The national capital's air quality was in the very poor category on Tuesday morning, the first time this season, with calm winds and low temperatures allowing accumulation of pollutants.
According to the Ministry of Earth Sciences' Air Quality Early Warning System for Delhi, an increase in farm fires in Punjab, Haryana and neighbouring regions of Pakistan is also going to impact the air quality in Delhi-NCR.
The city recorded an air quality index (AQI) of 304 at 9:30 am, which falls in the very poor category. The 24-hour average AQI was 261 on Monday, the worst since February. It was 216 on Sunday and 221 on Saturday.
Wazirpur (AQI 380), Vivek Vihar (AQI 355) and Jahangirpuri (AQI 349) recorded the highest pollution levels.
An AQI between 0 and 50 is considered 'good', 51 and 100 'satisfactory', 101 and 200 'moderate', 201 and 300 'poor', 301 and 400 'very poor', and 401 and 500 'severe'.
A senior scientist at the Delhi Pollution Control Committee said the dip in the air quality can be attributed to low wind speed and temperatures which allowed accumulation of pollutants.
Stubble burning has also increased in neighbouring states. Also, the ventilation index is low, he said.
Ventilation index is the speed at which pollutants can get dispersed. A ventilation index lower than 6000 sqm/second, with average wind speed less than 10 kmph, is unfavourable for dispersion of pollutants.
PM10 levels in Delhi-NCR stood at 300 microgram per cubic meter ( g/m3) at 9 am — the highest this season so far, according to CPCB data. PM10 levels below 100 g/m3 are considered safe in India.
PM10 is particulate matter with a diameter of 10 micrometers and is inhalable into the lungs.
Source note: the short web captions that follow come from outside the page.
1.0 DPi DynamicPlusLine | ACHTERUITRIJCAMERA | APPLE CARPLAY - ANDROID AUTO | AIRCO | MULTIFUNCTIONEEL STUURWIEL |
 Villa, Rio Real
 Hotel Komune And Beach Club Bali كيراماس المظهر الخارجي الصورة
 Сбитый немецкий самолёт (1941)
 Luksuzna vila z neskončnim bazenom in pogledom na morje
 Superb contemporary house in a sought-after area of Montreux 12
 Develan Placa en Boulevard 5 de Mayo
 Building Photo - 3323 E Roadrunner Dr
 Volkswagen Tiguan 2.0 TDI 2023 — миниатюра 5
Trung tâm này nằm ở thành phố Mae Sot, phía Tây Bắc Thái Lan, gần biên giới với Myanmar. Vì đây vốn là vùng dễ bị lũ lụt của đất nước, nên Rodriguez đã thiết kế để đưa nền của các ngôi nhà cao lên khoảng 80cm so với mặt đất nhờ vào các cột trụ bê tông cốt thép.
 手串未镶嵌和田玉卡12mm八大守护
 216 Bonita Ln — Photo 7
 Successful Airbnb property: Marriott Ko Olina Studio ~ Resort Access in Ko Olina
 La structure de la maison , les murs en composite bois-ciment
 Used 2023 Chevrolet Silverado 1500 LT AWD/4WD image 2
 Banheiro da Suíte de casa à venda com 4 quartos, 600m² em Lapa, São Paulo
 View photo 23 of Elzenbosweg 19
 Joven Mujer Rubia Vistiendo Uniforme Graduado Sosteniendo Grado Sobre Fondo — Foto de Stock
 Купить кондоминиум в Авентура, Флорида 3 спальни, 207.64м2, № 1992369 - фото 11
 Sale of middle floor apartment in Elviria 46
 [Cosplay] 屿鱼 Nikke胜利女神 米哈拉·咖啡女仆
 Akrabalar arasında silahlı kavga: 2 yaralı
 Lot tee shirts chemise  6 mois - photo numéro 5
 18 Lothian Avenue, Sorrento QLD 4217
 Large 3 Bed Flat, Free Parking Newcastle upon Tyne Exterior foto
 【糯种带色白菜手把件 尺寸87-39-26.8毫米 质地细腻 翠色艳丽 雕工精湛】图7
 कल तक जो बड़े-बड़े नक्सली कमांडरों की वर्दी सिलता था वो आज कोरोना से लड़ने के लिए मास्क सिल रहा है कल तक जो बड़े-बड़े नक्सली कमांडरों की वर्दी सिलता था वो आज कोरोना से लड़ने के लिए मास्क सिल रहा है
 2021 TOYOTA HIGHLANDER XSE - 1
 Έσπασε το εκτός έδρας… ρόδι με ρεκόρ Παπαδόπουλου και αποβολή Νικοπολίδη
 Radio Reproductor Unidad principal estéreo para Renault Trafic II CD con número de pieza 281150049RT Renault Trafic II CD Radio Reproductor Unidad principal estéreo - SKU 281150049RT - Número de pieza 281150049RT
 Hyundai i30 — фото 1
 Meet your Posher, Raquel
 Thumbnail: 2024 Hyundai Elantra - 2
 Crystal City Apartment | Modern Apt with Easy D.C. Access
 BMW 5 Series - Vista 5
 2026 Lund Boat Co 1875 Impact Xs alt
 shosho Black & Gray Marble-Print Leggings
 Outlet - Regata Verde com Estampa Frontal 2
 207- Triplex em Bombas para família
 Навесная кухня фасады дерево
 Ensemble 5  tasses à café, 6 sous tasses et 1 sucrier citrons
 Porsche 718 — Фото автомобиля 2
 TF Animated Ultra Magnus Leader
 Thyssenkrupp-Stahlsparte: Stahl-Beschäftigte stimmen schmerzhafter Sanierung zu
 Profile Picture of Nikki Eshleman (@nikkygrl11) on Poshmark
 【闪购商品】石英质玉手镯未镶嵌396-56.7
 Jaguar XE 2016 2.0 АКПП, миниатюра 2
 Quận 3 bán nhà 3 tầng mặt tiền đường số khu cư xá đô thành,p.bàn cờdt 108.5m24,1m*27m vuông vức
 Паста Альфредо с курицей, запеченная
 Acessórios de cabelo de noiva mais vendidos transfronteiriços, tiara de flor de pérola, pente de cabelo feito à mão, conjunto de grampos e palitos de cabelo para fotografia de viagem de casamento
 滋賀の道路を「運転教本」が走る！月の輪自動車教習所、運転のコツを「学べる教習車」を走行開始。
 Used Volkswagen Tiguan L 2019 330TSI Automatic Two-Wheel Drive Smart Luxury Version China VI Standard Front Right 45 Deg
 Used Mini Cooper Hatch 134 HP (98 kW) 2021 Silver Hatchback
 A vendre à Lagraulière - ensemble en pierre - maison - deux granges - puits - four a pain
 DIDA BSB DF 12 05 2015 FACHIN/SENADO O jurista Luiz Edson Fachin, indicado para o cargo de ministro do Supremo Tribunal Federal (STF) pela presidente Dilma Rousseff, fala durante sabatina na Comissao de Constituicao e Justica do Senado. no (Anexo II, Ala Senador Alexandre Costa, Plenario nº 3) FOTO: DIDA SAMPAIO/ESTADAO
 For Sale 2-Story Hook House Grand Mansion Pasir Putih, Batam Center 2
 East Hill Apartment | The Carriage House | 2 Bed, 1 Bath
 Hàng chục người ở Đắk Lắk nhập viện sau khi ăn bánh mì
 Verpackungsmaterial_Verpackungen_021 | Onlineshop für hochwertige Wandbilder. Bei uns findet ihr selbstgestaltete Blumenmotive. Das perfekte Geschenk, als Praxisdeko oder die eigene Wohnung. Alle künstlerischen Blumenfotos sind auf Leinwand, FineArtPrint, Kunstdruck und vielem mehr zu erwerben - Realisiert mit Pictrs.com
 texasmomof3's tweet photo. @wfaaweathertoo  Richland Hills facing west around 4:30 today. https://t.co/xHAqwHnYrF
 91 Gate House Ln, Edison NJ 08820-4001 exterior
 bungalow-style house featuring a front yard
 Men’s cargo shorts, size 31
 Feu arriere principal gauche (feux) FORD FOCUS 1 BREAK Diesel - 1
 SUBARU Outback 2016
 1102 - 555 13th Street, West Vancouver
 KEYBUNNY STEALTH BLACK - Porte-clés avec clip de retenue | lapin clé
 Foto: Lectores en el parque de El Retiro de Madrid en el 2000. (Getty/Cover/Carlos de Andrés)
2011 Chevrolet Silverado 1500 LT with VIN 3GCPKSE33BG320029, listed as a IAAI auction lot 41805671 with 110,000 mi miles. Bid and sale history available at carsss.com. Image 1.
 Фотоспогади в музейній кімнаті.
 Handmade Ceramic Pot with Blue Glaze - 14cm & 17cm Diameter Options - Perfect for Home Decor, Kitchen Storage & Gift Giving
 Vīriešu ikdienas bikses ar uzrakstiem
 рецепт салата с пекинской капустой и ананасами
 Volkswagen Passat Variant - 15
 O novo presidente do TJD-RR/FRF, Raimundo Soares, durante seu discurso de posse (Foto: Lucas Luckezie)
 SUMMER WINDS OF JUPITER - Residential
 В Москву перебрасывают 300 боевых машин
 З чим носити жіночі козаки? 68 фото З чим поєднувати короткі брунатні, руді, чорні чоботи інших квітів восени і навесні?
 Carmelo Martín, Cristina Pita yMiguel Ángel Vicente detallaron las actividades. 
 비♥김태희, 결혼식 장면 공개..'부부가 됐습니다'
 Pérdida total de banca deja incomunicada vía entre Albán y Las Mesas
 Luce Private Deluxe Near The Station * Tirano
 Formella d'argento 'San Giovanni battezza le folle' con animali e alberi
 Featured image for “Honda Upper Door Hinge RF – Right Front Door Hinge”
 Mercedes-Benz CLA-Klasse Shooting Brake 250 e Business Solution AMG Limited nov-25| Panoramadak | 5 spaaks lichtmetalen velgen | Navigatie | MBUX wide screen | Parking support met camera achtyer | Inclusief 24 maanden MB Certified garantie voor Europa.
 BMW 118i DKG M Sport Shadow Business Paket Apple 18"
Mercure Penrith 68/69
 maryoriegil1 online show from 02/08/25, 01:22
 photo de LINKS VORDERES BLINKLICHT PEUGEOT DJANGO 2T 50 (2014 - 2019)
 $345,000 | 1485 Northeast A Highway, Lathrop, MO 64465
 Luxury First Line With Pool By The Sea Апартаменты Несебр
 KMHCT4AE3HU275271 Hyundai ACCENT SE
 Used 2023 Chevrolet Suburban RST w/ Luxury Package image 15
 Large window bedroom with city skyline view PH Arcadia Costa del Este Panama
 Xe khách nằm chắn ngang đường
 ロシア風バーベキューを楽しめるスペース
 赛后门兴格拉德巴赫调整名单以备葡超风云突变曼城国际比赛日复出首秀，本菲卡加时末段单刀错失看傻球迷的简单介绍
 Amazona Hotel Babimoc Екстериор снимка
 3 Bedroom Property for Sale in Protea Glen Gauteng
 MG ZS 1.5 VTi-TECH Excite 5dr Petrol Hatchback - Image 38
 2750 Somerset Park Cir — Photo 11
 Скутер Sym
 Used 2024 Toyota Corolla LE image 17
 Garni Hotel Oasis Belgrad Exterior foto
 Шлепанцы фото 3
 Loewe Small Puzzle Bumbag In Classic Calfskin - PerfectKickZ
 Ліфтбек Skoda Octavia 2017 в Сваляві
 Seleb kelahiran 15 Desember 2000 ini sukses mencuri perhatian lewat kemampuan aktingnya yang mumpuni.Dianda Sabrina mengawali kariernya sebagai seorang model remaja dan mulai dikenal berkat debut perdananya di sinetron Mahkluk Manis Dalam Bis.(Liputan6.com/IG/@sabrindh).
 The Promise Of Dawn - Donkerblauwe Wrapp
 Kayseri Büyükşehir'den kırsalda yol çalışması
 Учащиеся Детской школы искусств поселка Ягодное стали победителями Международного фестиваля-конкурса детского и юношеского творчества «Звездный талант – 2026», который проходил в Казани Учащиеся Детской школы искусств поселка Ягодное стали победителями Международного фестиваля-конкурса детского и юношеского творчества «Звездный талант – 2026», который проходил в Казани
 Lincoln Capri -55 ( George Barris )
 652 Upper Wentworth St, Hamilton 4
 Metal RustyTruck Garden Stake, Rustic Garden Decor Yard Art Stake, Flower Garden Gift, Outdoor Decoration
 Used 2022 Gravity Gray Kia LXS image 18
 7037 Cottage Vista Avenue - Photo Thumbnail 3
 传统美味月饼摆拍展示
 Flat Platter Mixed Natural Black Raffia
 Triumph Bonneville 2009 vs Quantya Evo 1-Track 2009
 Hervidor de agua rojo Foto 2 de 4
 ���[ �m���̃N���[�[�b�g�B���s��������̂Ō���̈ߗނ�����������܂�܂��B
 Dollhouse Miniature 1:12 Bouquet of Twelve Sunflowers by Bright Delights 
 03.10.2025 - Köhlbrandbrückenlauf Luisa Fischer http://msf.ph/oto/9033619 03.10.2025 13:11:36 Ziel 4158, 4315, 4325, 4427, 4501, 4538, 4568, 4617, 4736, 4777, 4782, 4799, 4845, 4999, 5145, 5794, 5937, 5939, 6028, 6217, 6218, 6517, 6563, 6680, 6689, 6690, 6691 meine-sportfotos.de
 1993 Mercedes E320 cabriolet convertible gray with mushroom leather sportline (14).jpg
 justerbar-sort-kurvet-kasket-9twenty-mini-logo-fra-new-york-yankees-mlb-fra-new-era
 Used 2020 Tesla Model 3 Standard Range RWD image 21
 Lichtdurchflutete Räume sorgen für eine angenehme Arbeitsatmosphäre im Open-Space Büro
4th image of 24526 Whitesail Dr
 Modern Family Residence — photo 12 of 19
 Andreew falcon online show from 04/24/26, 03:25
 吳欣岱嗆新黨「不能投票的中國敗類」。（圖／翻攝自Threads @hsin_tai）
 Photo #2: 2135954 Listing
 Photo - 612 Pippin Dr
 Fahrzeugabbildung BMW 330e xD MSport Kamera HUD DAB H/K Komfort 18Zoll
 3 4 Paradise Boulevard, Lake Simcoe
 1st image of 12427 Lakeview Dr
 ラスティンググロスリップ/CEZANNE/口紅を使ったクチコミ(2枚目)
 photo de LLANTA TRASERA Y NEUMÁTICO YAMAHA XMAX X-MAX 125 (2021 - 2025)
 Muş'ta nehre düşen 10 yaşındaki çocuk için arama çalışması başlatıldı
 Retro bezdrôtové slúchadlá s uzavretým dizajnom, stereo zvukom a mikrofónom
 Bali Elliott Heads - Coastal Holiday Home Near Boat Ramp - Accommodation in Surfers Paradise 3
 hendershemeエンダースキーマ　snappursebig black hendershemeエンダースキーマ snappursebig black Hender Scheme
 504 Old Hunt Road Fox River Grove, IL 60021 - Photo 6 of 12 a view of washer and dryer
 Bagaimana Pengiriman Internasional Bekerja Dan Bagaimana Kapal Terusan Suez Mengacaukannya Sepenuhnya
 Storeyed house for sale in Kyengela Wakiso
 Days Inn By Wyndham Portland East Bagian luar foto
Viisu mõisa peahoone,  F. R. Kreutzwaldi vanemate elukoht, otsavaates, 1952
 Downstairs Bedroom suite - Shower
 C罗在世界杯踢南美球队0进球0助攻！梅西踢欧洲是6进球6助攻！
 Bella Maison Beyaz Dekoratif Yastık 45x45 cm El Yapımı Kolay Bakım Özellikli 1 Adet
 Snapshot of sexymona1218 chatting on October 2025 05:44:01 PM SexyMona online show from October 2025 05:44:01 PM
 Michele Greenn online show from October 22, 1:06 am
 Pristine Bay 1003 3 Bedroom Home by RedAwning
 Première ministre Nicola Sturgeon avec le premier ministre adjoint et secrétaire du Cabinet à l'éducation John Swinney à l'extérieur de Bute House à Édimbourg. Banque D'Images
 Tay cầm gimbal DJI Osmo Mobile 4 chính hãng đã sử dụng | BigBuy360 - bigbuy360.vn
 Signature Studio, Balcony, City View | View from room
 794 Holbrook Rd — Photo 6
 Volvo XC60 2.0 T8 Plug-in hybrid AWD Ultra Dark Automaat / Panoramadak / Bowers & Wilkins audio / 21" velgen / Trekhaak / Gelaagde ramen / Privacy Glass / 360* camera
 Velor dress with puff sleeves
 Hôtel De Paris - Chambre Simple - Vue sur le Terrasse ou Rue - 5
These particles include dust, pollen and mold spores.
The levels of PM2.5 finer particles which can even enter the bloodstream were 129 g/m3. PM2.5 levels up to 60 g/m3 are considered safe.
NASA's satellite imagery showed a large cluster of fires near Amritsar and Firozpur in Punjab and Patiala, Ambala and Kaithal in Haryana.
According to the System of Air Quality and Weather Forecasting and Research, farm fires contributed 3 percent particulate matter to Delhi's PM2.5 concentration on Monday.
It is likely to be negligible for the next two days due to a change in the wind direction from northwesterly to southeasterly, the government agency said.
On Tuesday morning, the maximum wind speed was 4 kilometers per hour, according to the India Meteorological Department.